Dans quelques heures, le FC Barcelone sera vraisemblablement champion d’Espagne. Une simple victoire sur le Betis Séville lui suffit. Pour la 22e fois de son histoire, le public culé encensera ses champions et trônera donc sur l’Espagne du football. Fièrement. Une fierté à l’encontre de son rival madrilène, relégué à une dizaine de points depuis des lustres, mais qui ne saura faire oublier une fin de saison désordonnée. Sur le plan domestique, les statistiques blaugrana font pourtant rougir. La barre des cent buts est déjà franchie et, centaine toujours, le Barça peut s’imaginer avec un total à trois chiffres au soir de la trente-huitième journée. Mais, à l’instar d’un Xavi auteur de 100 % de passes réussies face au Bayern ou d’une possession de balle toujours autant stalinienne, les chiffres sont trompeurs. Lorsque Gerard Piqué pointe du doigt les faiblesses du FCB version Tito Vilanova, sa direction doit l’écouter et mettre l’introspection à l’ordre du jour de la prochaine réunion du board. Car ce championnat d’Espagne laisse un goût amer au fond des gorges catalanes. Il manque de saveur.
L’absence des grands rendez-vous
Après trentre-trois épisodes domestiques et une demi-finale en Ligue des champions – la sixième de rang – le Barça de Tito n’a que trop peu répondu présent lors des grands rendez-vous. Ce sont bien des victoires sur les terrains de Valladolid, Getafe ou encore Saragosse qui lui ont offert ce 22e titre. Jusqu’à preuve du contraire, elles valent le même nombre de points. Mais, dans l’imaginaire général, ce sont les Clásicos qui marquent une saison et les esprits. Or, durant l’exercice 2012-2013, le Barça ne s’est imposé qu’une fois face au Real Madrid – et encore, c’était lors du premier rendez-vous annuel en Supercopa. Depuis, deux matchs nuls et deux défaites, dont une cuisante en retour de Copa del Rey.
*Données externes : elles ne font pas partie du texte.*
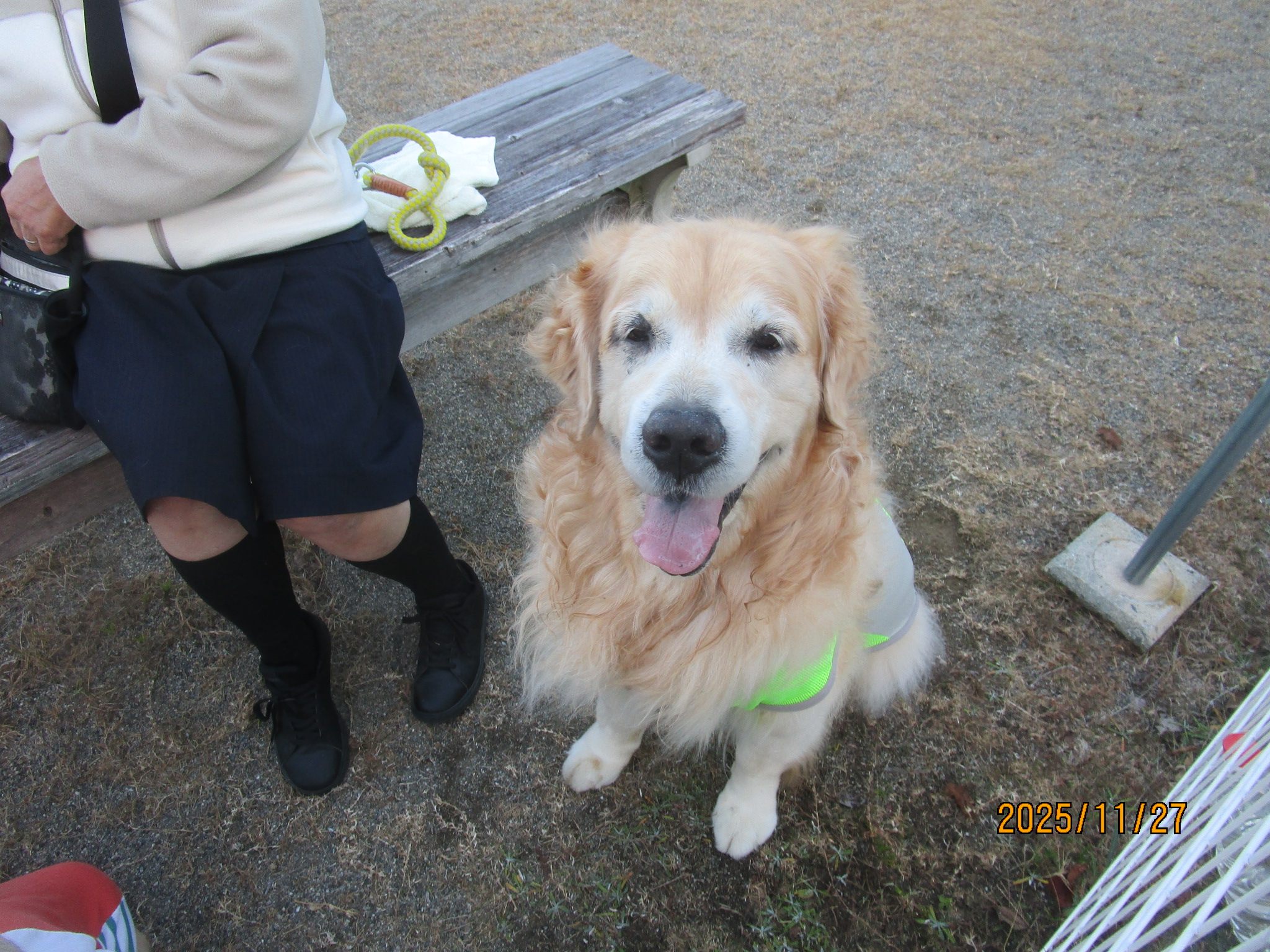 大和くん（Ⅴ）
Même topo sur la scène européenne où le Camp Nou n’a connu qu’une seule nuit blanche : celle du 4-0 face à un Milan AC en pleine reconstruction. Avant sa déroute bavaroise, Barcelone s’était hissé en demie sans la moindre victoire face au PSG. « Le Barça a achevé son dernier match face au Bayern sans les quatre footballeurs qui le définissent et qui lui sont vitaux pour la Liga : Xavi, Messi, Busquets et Iniesta » , souligne Ramon Besa du País. Un arrêt sur image qui a tout de symbolique et qui pointe du doigt un sujet tabou : ce Barça n’est pas mort les armes aux pieds. Là où le dernier trophée de Pep Guardiola était une œuvre collective, le premier de Tito Vilanova n’est qu’une accumulation de performances individuelles et de méformes madrilènes. Tout sauf l’âme du Camp Nou. Tout sauf l’identité du toque.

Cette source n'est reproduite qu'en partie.